Without copying any picture, transcribe exactly the lines of the data below from the one containing "ASMODEE SpyFall" through the one containing "Keep your child's".

Materials provided: Begin

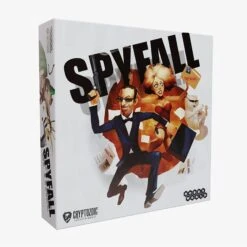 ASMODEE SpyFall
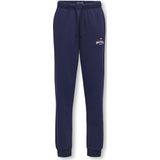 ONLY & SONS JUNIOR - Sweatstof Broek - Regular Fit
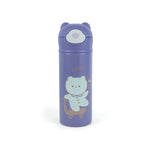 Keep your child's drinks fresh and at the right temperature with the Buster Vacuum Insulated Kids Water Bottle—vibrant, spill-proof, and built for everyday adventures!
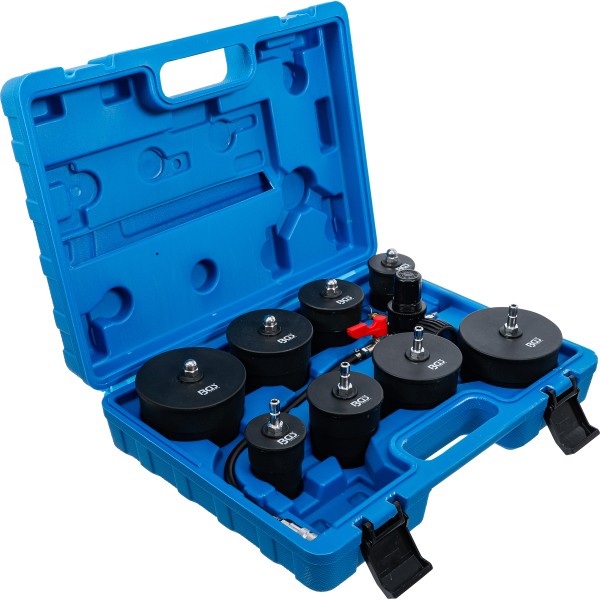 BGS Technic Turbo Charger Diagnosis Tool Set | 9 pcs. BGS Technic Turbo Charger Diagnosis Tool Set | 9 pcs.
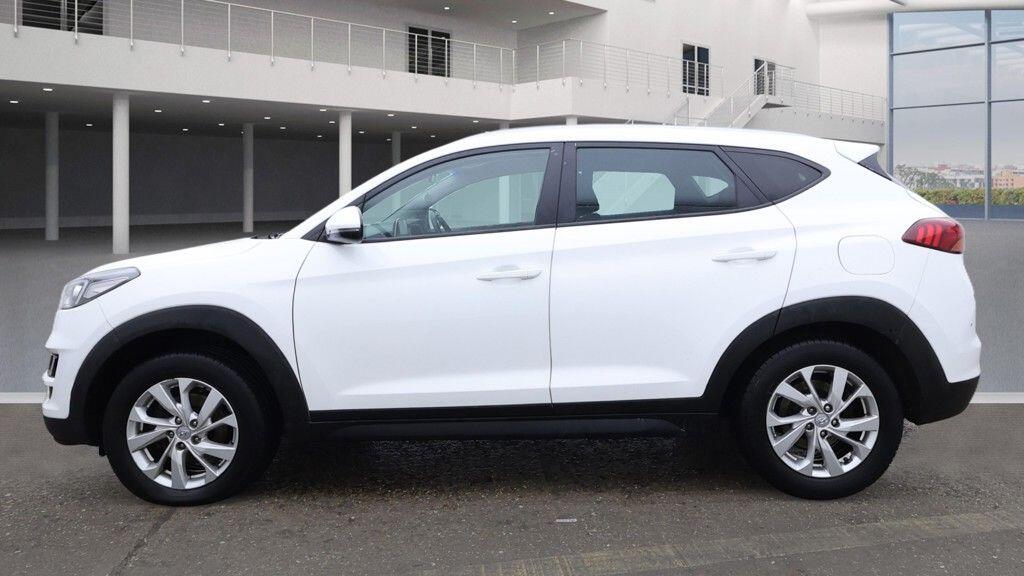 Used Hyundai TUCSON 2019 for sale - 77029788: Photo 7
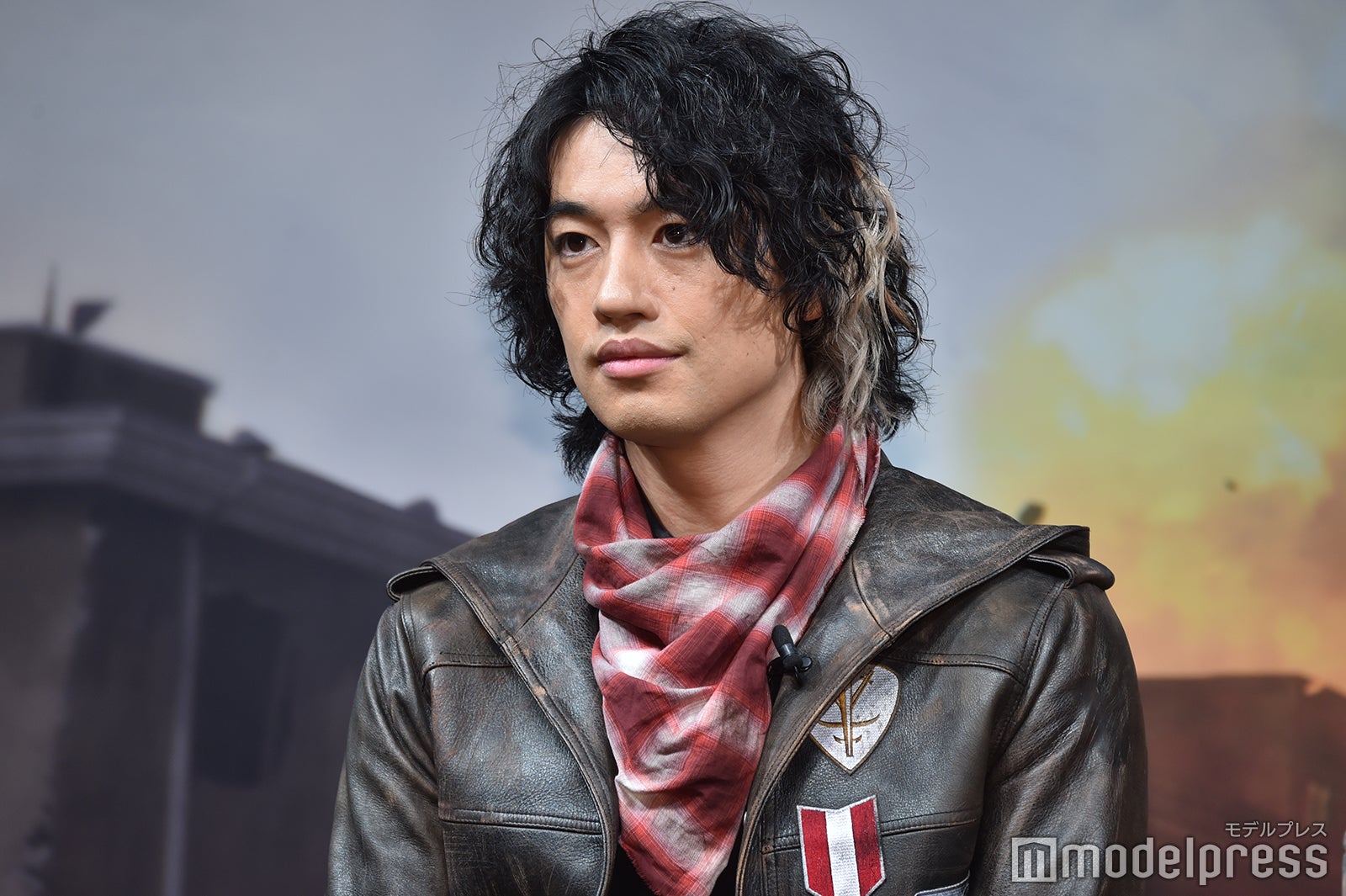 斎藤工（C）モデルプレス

Materials provided: End
Materials provided: Begin

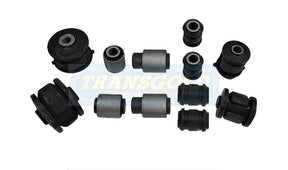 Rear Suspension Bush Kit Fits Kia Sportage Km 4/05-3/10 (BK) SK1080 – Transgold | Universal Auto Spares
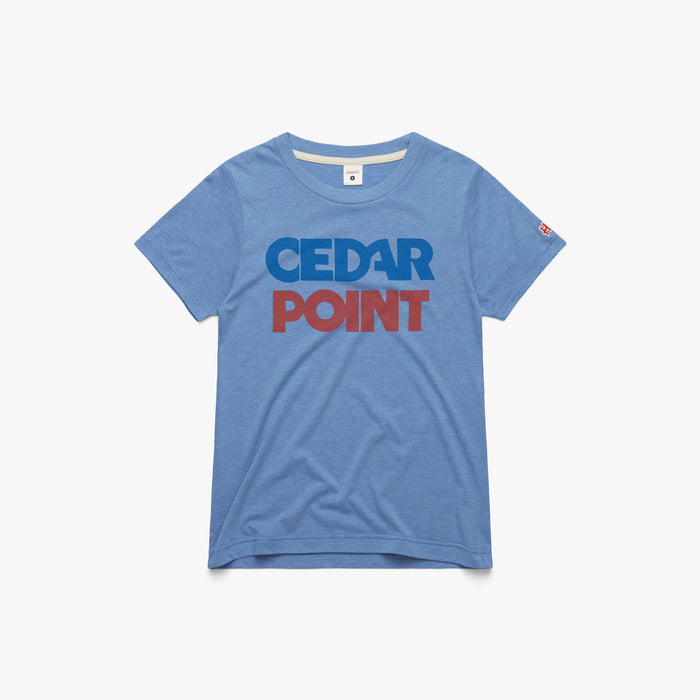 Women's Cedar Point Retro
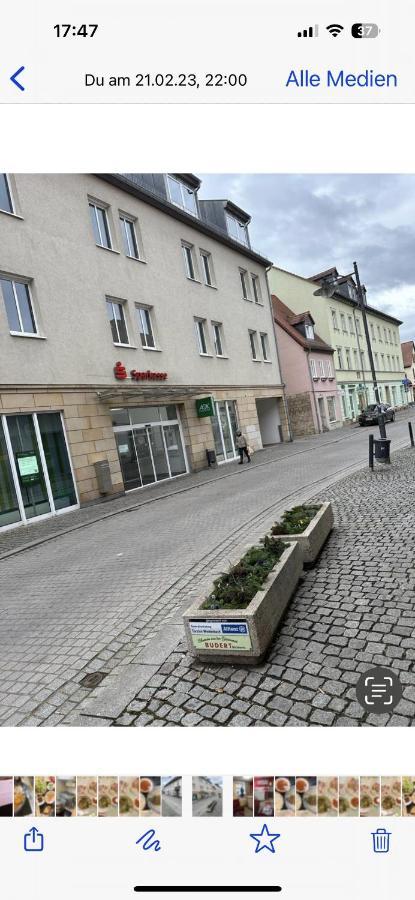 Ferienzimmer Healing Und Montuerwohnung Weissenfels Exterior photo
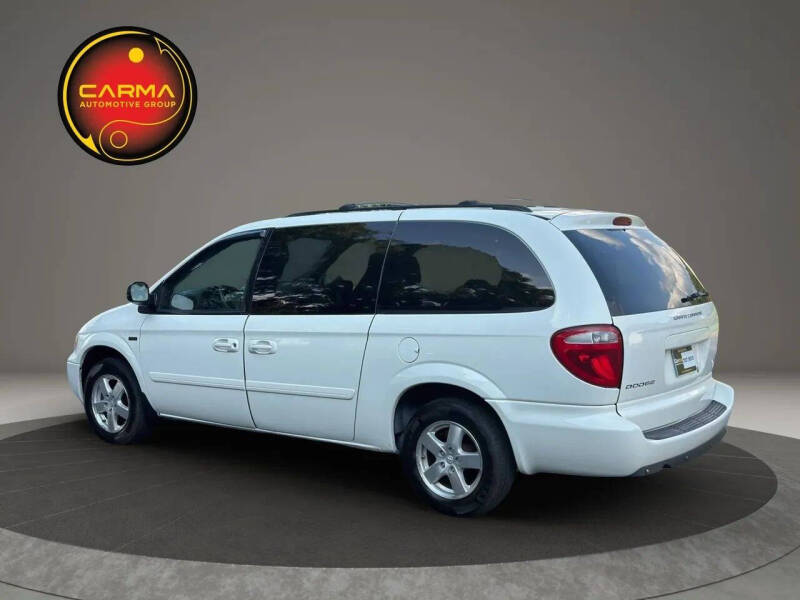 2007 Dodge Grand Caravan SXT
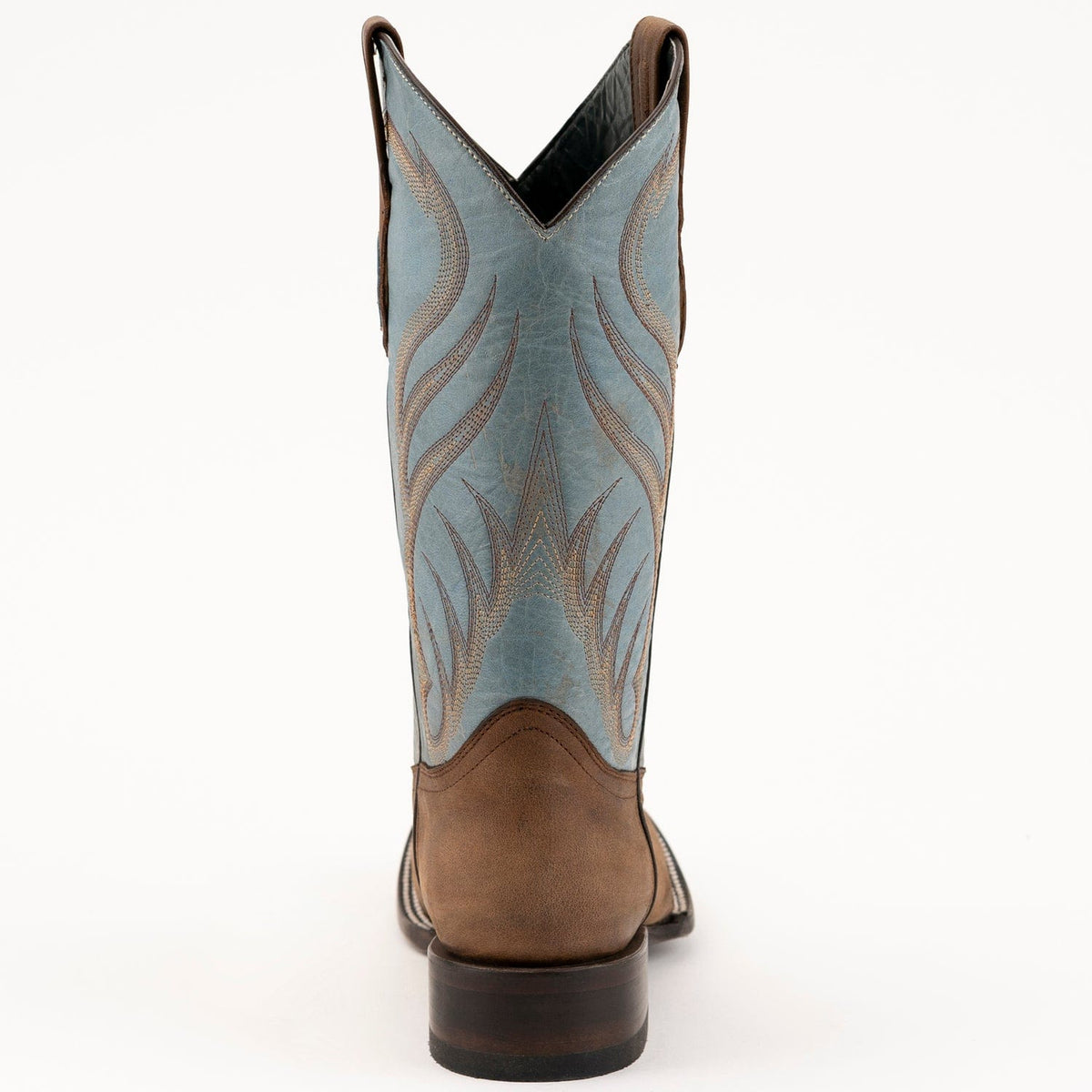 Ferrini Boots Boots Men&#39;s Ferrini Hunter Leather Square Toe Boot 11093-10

Materials provided: End

*Output for this exercise*.
 ASMODEE SpyFall
 ONLY & SONS JUNIOR - Sweatstof Broek - Regular Fit
 Keep your child's drinks fresh and at the right temperature with the Buster Vacuum Insulated Kids Water Bottle—vibrant, spill-proof, and built for everyday adventures!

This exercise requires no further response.